I obtained a lovely hardcover edition of The Road to Xanadu (Viking, 1995), the first volume of Callow's projected four-volume biography of Welles, for free. The book was sitting on the "free book" table outside the English Department office where I work, so I snatched it up. Once I started reading it -- this was in 2012 sometime I think -- I simply could not put it down. It is a totally gripping page-turner.
Part of what compelled me to race through that first lengthy (650-page) volume is Welles himself -- influential film artist, larger-than-life personality, iconic entertainment figure, and, most interestingly, a multi-faceted, internally contradictory, delightfully puckish trickster and raconteur of the first order. Welles is simply fascinating and so too is that book about his early years in the theater, his exploits on the radio including War of the Worlds, and the events leading up to the release of Citizen Kane in 1941.
Yet Callow's remarkable prose also accounts for the "page-turner" quality of Xanadu and the subsequent volumes of his Welles biography, which include Hello Americans (Penguin Books, 2007), One Man Band (Jonathan Cape, 2015), and a forthcoming, as yet untitled fourth volume. No doubt about it: Callow is a flat-out excellent writer.

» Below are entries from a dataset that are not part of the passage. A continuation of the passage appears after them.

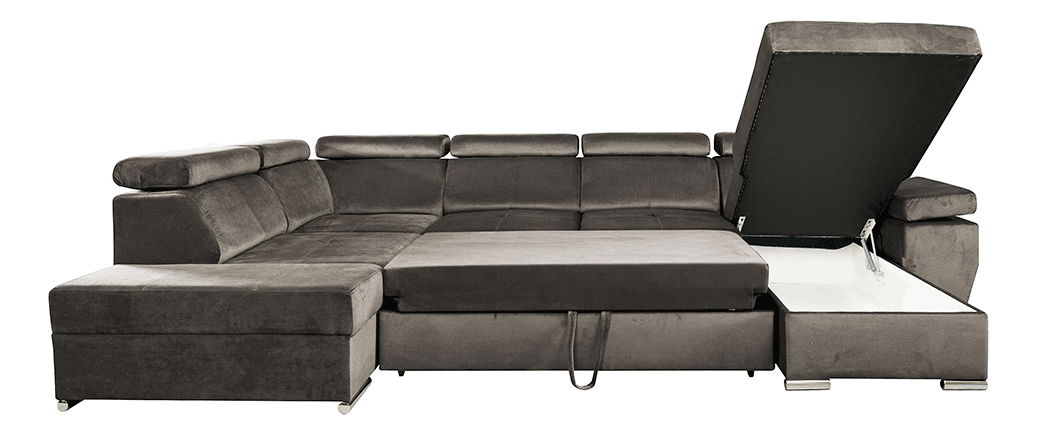 Sedací souprava Lamour (šedohnědá) (P)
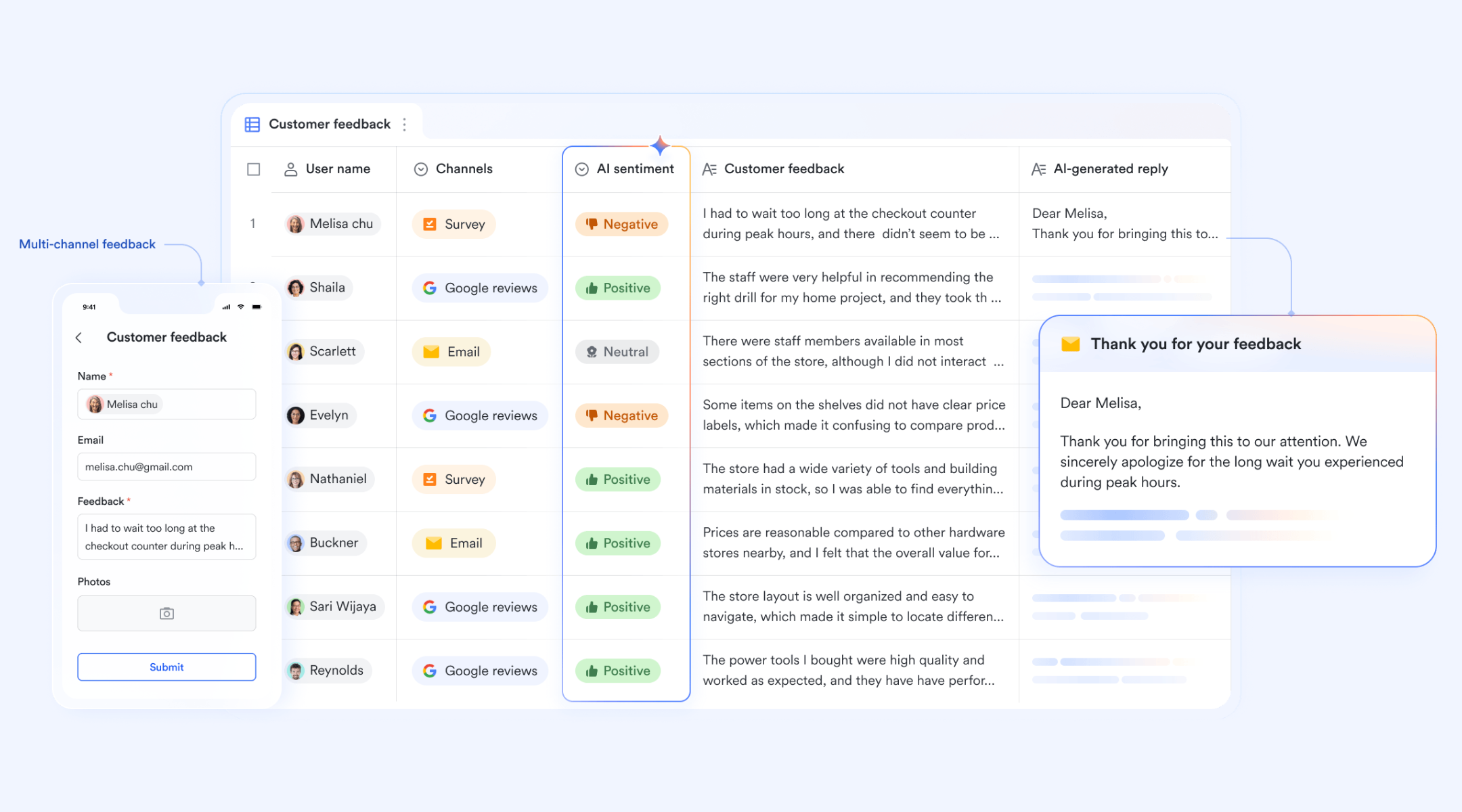 Lark: Unified feedback workflows for teams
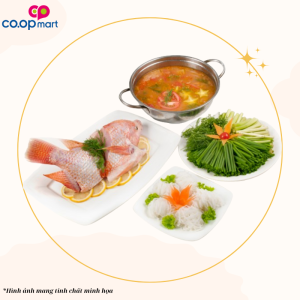 Lẩu cá điêu hồng nấu riêu (4 người)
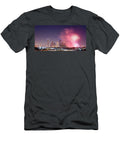 Panorama of Downtown Houston Skyline Fireworks on the 4th of July Harris County Texas Silvio Ligutti T-Shirt
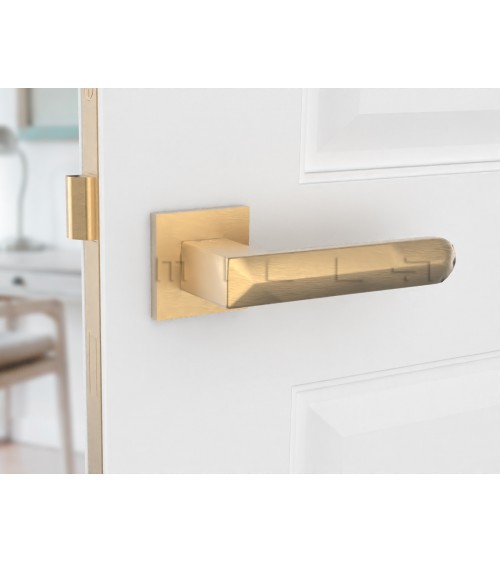Maniglia per porta oro opaco BOHEMA - maniglia design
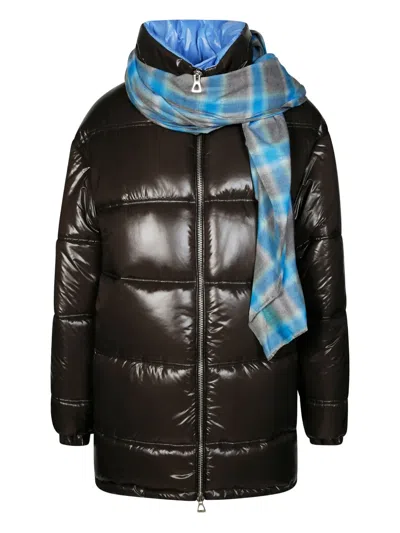 Marbell Fitted Black Jacket With Lightweight Design In Brown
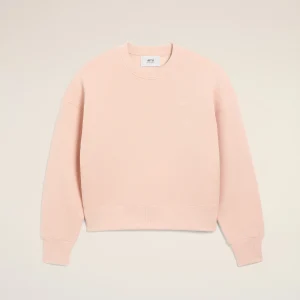 Pink Cotton Ami Paris Coeur Sweatshirt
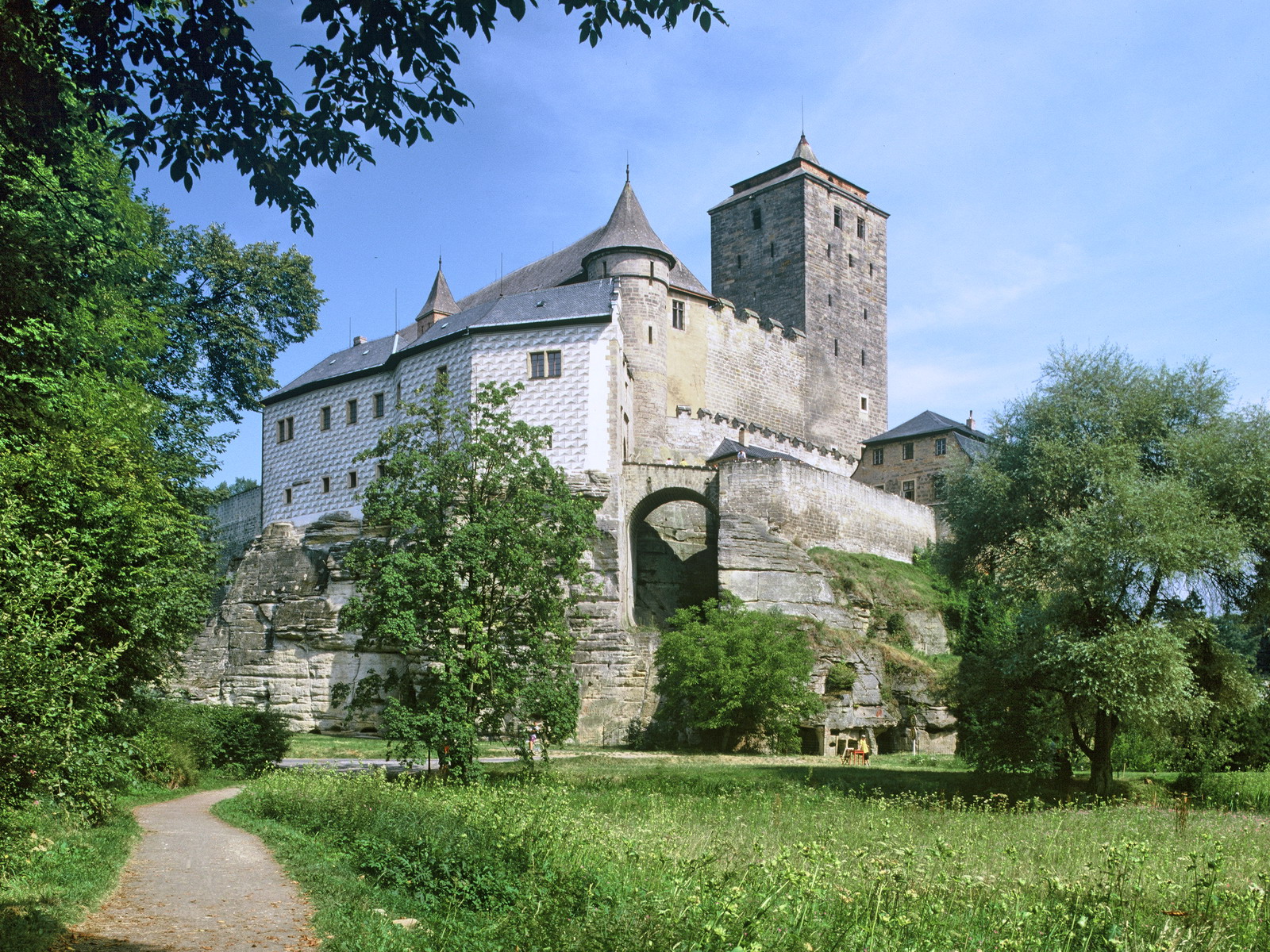 Kost Castle East Bohemia Czech Republic
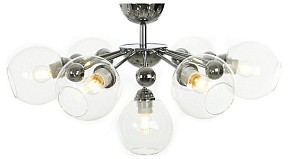 Люстра на штанге LUMINA DECO Devoli хром арт. LDC 8040-7 CHR+PR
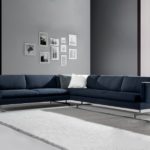 natuzzi italia jeremy sectional blue fabric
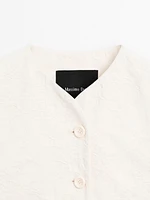 Veste tissu floral 100 % coton
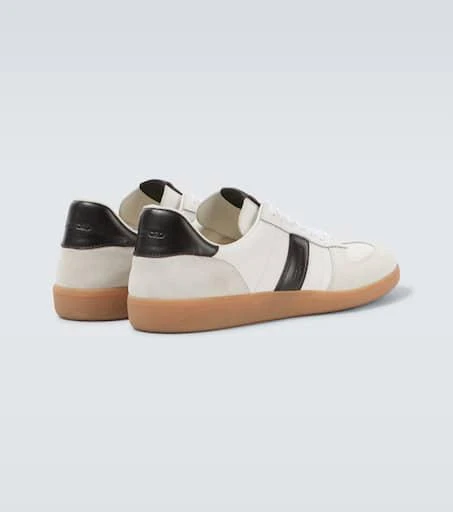 Tom Ford Archer suede-trimmed leather sneakers 6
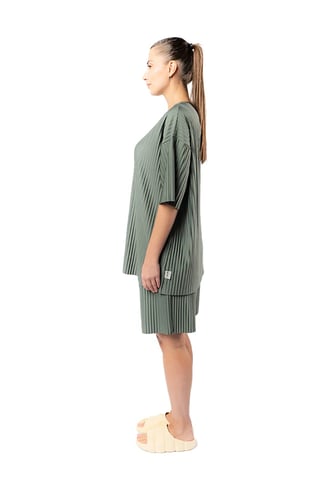 تيشرت واسع للجنسين كاكي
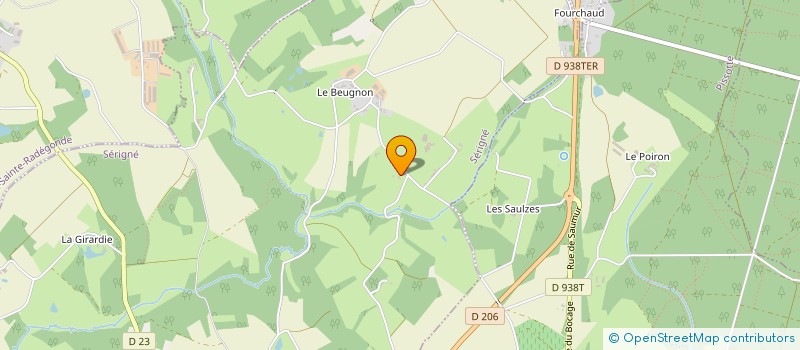 localisation de l'entreprise LE BARAIL  SERIGNE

Here, for example, is an excerpt describing Welles from the preface to the latest volume, One Man Band:
His energy is astonishing and unceasing. But it would not be correct to describe him as a driven man, a Dickens or a Laurence Olivier -- men whose goals were clearly defined, and whose very lives seemed to depend on achieving them. [. . .] With Welles there was simply a constant supply of energy which could be squandered on anything; he seemed to give himself with equal fervour to all of his projects, whether vaudeville, radio comedy or filming the classics. (p. xvii)Succinct, clear, yet so evocative. Great stuff.
I am only a quarter of the way through One Man Band (which I received for Xmas this year) as I post this. The volume covers an especially tumultuous time in Welles' life and career, his European "exile" period when he truly became an independent filmmaker working (at least in a directorial capacity) completely outside the Hollywood system (with the exception of 1958's Touch of Evil). Callow's heady, montage-like approach, interweaving and juxtaposing fragments of information and analysis to expressionistically suggest a larger whole, suits this period's rootless and feverish tenor.
One of the best Xmas gifts I got this year: the hardcover edition of One Man Band.
The central thesis of Callow's biography is that Welles was a relentless experimenter -- for Welles, process was everything. This is one reason why so many of Welles' films never got finished, or got changed by studios without Welles' consent: because he just didn't care all that much about the finished product, especially if it was being contractually demanded or creatively influenced by some outside entity like a producer or a studio. As Callow writes in the closing paragraph of Hello Americans:
Any form of limitation, obligation, responsibility or enforced duty was intolerable to him, rendering him claustrophobic and destructive. He could only function as a free agent, untrammelled by partners, children, wives, administrators, accountants, producers, studios, political mentors. [. . .] In terms of his work as a director, that meant that he had, inevitably, to become an independent film-maker. Confinement, whether personal or professional, was unbearable to Orson Welles. His exploratory urges were central to his nature; he indulged them unceasingly for the rest of his life. Occasionally, something close to a masterpiece would result. But that was not the purpose of his journey through life. The doing was all. (p. 444)If this sounds a bit grandiose, perhaps it is. Welles possessed a grandiose persona and Callow, with his theatrical background and flair for the rhythm of words, tends to convey information dramatically. As a lover of melodrama and appreciator of hyperbole, I enjoy Callow's somewhat purple style -- it works beautifully for me.
Callow's theater background lends a dramatic quality to his prose but also qualifies him to speak most insightfully about Welles' approaches to acting and directing.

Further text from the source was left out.